Ci sono molti esperimenti che lo dimostrano la neuroplasticità partecipa attivamente all'acquisizione di nuove conoscenze, per esempio, il caso di cui sopra o nella creazione di topi transgenici in cui viene eliminato il gene per la produzione di glutammato, il che rende estremamente difficile per l'animale imparare.

Invece, il tuo ruolo nella memoria inizia ad essere più in dubbio, come hai letto con alcuni esempi citati. Una teoria ha iniziato a emergere che il meccanismo della memoria è all'interno delle cellule piuttosto che nelle sinapsi. Ma come indica lo psicologo e neuroscienziato Ralph Adolph, la neuroscienza risolverà il modo in cui l'apprendimento e la memoria funzioneranno nei prossimi cinquant'anni, cioè, solo il tempo chiarisce tutto.

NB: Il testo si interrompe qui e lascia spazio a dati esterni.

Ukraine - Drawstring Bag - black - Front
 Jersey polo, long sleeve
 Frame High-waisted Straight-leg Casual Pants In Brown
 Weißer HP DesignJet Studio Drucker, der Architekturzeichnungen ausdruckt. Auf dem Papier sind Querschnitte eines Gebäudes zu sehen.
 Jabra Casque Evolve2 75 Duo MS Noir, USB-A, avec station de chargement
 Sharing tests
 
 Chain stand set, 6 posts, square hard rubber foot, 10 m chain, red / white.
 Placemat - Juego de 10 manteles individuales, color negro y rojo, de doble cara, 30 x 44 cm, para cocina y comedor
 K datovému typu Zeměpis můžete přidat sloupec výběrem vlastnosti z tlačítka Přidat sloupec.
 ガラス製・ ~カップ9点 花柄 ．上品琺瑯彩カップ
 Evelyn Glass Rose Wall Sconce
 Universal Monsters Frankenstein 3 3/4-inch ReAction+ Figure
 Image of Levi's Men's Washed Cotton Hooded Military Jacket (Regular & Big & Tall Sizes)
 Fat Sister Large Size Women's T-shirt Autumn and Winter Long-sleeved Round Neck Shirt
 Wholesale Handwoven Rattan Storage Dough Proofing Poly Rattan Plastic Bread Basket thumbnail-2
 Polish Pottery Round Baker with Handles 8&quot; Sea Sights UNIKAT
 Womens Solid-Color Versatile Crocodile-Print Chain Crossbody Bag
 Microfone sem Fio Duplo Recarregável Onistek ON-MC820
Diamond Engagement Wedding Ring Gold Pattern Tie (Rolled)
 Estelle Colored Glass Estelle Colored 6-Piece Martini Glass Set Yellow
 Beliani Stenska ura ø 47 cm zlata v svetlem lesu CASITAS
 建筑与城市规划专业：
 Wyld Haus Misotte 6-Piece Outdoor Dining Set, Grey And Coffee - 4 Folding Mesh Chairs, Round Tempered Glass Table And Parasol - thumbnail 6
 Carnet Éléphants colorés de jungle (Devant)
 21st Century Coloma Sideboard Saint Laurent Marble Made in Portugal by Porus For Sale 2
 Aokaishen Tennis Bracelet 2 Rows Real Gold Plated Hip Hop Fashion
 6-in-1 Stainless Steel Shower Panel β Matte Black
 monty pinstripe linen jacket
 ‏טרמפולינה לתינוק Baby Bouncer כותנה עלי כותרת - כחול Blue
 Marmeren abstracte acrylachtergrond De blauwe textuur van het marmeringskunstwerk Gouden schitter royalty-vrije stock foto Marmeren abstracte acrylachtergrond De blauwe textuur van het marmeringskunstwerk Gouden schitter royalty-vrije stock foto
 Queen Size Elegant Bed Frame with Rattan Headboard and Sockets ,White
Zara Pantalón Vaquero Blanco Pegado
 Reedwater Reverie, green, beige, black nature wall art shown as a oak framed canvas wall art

Riferimenti bibliografici:

  • Chen, S., Cai, D., Pearce, K., Sun, P.Y.-W., Roberts, A.C. e Glanzman, D.L. (2014). Reintegrazione della memoria a lungo termine in seguito alla cancellazione della sua espressione comportamentale e sinaptica in Aplysia. eLife 3: e03896. doi: 10.7554 / eLife.03896.
  • Johansson, F., Jirenhed, D.-A., Rasmussen, A., Zucca, R., e Hesslow, G. (2014). Meccanismo di tracciamento e temporizzazione della memoria localizzato alle cellule di Purkinje cerebellare. Proc. Natl. Acad. Sci. U.S.A. 111, 14930-14934. doi: 10.1073 / pnas.1415371111.
  • Kandel, E. R. e Siegelbaum, S. A. (2013). "Cellular Meccanismi di memoria implicita e le basi biologiche di individualità", in Principles of Neural Science, 5 ° Edn, a cura di ER Kandel, JH Schwartz, TM Jessell, SA Siegelbaum, e AJ Hudspeth (New York, NY. McGraw-Hill ), 1461-1486.
  • Martin, S. J. e Morris, R. G. M. (2002). Nuova vita in una vecchia idea: la plasticità sinaptica e l'ipotesi della memoria rivisitate. Ippocampo 12, 609-636. doi: 10.1002 / hipo.10107.
  • Ryan, T. J., Roy, D. S., Pignatelli, M., Arons, A., e Tonegawa, S. (2015). Le cellule engram conservano la memoria sotto amnesia retrograda. Science 348, 1007-1013. doi: 10.1126 / science.aaa5542.